The 2013 Homeowners Association directors include: Linda Clary-Umberger, Rory Cunningham, Allen Ferg, Lionel Graves, Greg Hicks, Brad Weaver and Karen Weaver

The annual meeting of the Dawson County's Homeowners Association aimed to educate the community on safety during natural disasters and everyday life.

The meeting, held Saturday at the C&S Bank Community Building in downtown Dawsonville, featured guest speakers Billy Thurmond, director of Dawson County Emergency Services, and Sheriff Billy Carlisle.

Thurmond, who also serves as the county's emergency management agent, gave a presentation on being prepared for natural disasters.

He told the gathering how to be safe during fires, floods, drought and tornadoes, but also what measures the county has in place to help those hit by them.

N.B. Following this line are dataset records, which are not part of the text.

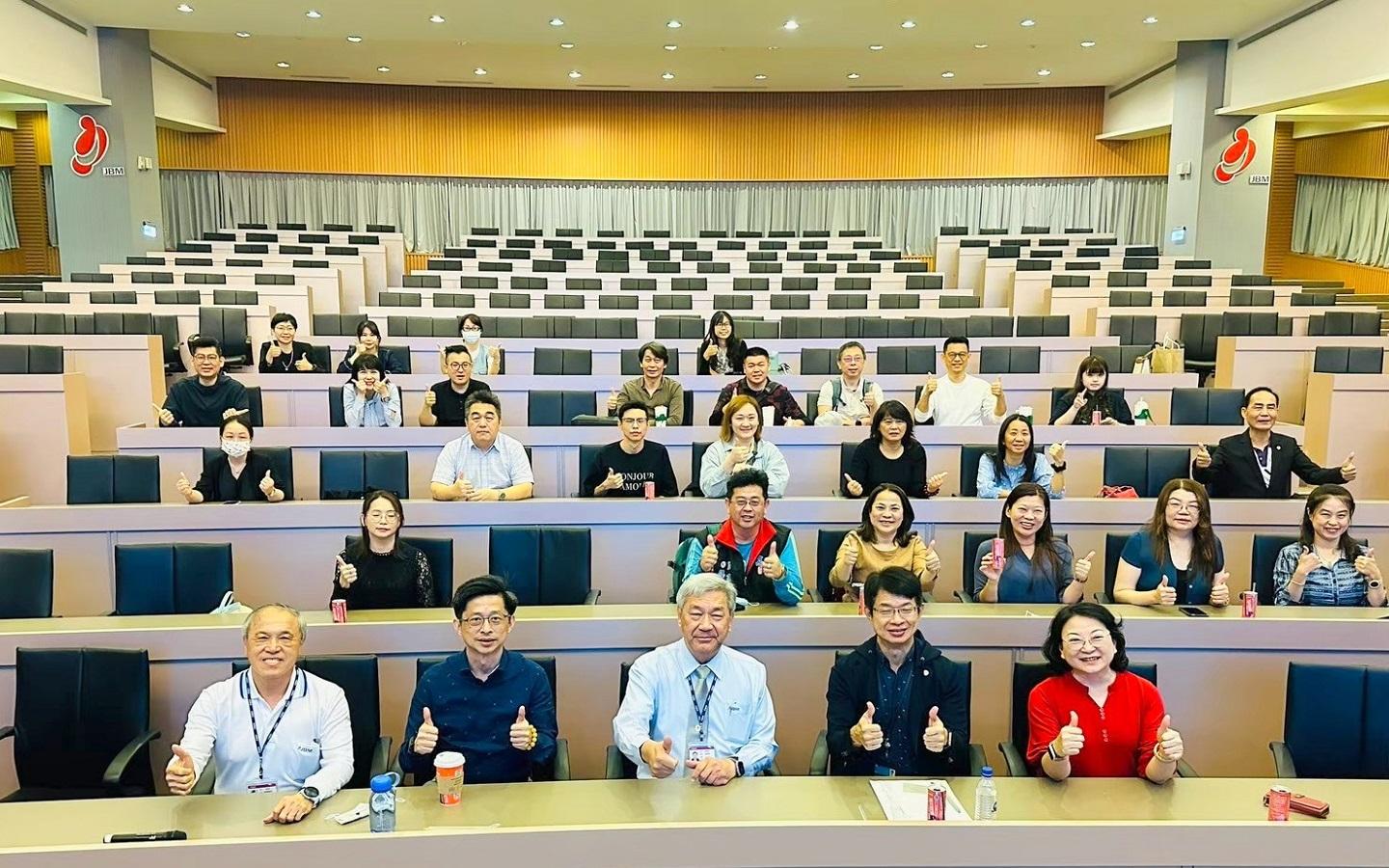 歡迎高雄大學EMBA貴賓蒞臨參訪
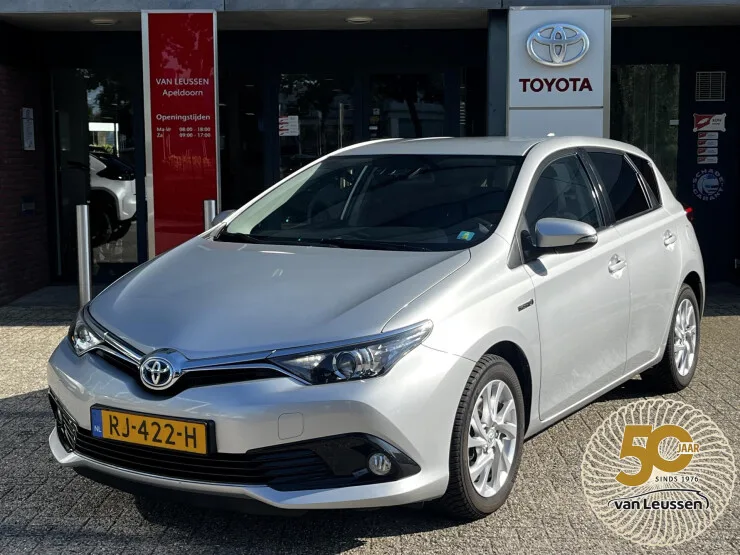 Toyota Auris (2017) — foto 1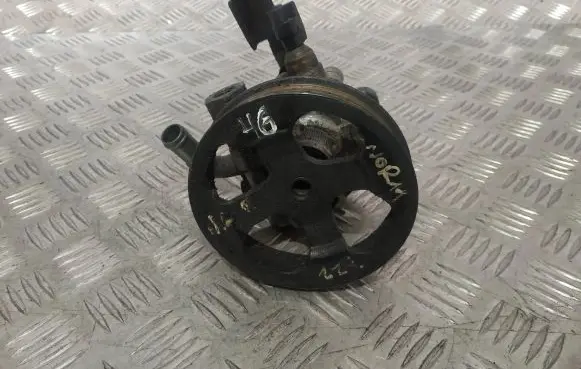 Toyota Corolla Verso E121 Power steering pump 32100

Thurmond said that even small things people take for granted can help save lives, such as remembering to wear shoes when seeking shelter from a tornado.

He also gave each person in attendance a checklist of how to be prepared for disasters, saying that just two out of every 10 people take such precautions.

"I hope that the next time I see you all, you will have collected the things on this list for your safety," he said. "That way we can put this county's citizens at the front of being prepared for natural disasters.

"We [emergency services] are coming to help you, but the more prepared you are, the better the chance of survival."

Carlisle promoted citizen awareness and safety in his presentation, which discussed public shootings in light of recent events across the country.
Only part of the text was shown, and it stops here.